Dengan demikian, dapat disimpulkan bahwa dengan menggunakan model mediator,
kita dapat memperoleh informasi sejauh mana sebuah intervensi dapat bermanfaat. Selain
itu juga dapat diperoleh informasi apakah intervensi tersebut harus dilanjutkan atau
dirubah. Untuk subjek yang mengalami intervensi, juga dapat diperoleh informasi,
apakah sudah layak untuk intervensi tahap selanjutnya atau cukup pada tahap tertentu
saja. Program evaluasi yang menggunakan mediator berpotensi untuk warning system
terkait dengankeberhasilan programnya.
Pada sisi lain, model moderator pun mempunyai manfaat untuk kepentingan praktis,
bukan hanya dalam hal teoritis. Seperti halnya model mediator, model moderator juga
dapat digunakan untuk mengevaluasi pelaksanaan program pelatihan atau intervensi.
Evaluator biasanya mencari dampak moderator setelah mendapatkan laporan dampak
utama dari interfensi yang diberikan. Dengan mengetahui fungsi moderator akan
memperkuat analisa dari dampal utama sebuah intervensi. Baron dan Kenny (1986)
menegaskan, pada umumnya, para peneliti berhenti menganalisa jika vaiabel independent

tidak menunjukkan dampak yang signifikan terhadap variabel dependent, padahal masih
dapat diolah variabel lain yang berperan sebagai moderator.
Gortmaker dan Wiecka (1999) mengevaluasi program prevensi obesitas pada siswa
sekolah di Boston. Pada program ini secara menyeluruh menunjukkan hasil yang
signifikan.
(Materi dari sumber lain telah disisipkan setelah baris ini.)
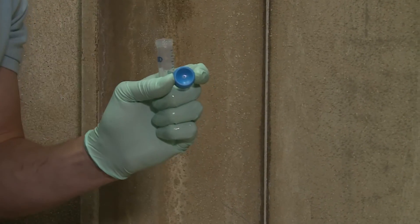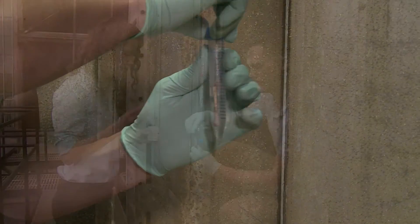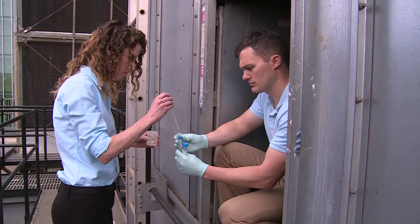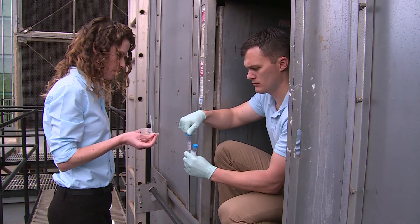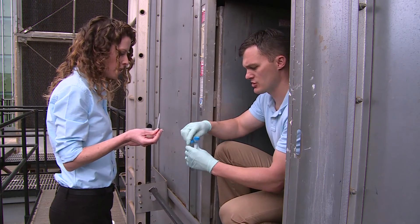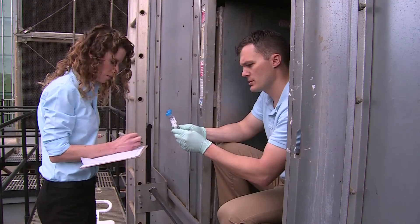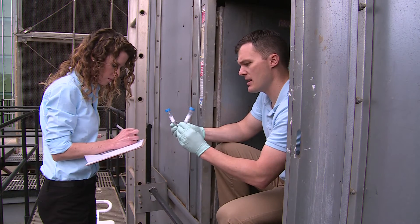Place the swab into the tube. Snap the stem about one inch from the top of the tube. Add a drop of 0.1 normal sodium thiosulfate solution to neutralize residual disinfectants. Tighten the top to prevent leakage. Then label the tube with a unique identifier and record it on the sample data sheet. Place the tube into the cooler for storage and transportation.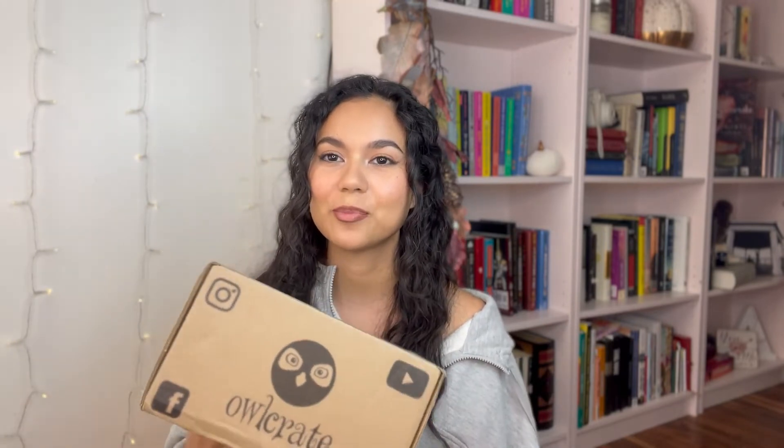I have my first ever book subscription unboxing. I decided to get a subscription and try it to see what they're like and if I want to try other boxes. This specific video is for OwlCrate, and this is not sponsored — I bought this myself. I wanted to see what it's like to have one of these shipped to me every month: are they worth the hype, how are the products, what are the books they offer? I decided to open it up with you guys and see if it's something you'd be interested in as well, or if you got the same book as me we can talk about it.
Bahkan mereka menemukan informasi tambahan yang menguatkan program
prevensi selanjutnya dengan membuat program khusus berdasarkan gender dan ras
subjek. Hal ini dikarenakan, pada evaluasi program prevensi yang dilakukan
menunjukkan hasil yang signifikan terhadap program obesitas pada siswa perempuan.
Penelitian lain dilakukan oleh Adam (1970). Adam melakukan eksperimen terhadap
sekelompok anak yang nakal dengan melakukan eksperimen memberikan perlakuan
konseling kelompok intensif. Hasil eksperimen menjelaskan bahwa treatment yang
diberikan tidak memberikan dampak pada subjek penelitian. Kemudian dia mencoba
melakukan evaluasi dengan melakukan pengujian moderator, yaitu dengan melibatkan
sekelompok anak yang sudah pernah diberikan treatment sebelumnya oleh psikolog klinis
(sebelum eksperimen dimulai), ternyata menunjukkan hasil konseling yang bagus.
Dengan demikian, aspek pengalaman subjek penelitian dalam menghadapi seorang
profesional untuk melakukan treatment tertentu, memberikan dampak terhadap
keberhasilannya dalam mengikuti program konseling. Mark, Hofmann, dan Reichardt
(dalam Petrosino, 2000) menjelaskan bahwa dengan melakukan analisis moderator,
seorang evaluator dapat terpacu untuk mencari teori tentang mengapa sebuah program
dapat memberikan dampak yang berbeda. Dengan demikian, analisis moderator tidak
berhneti pada menghasilkan alternatif lain dari program yang dibuat, namun juga
mengembangkan konseptual yang mendasari suatu program.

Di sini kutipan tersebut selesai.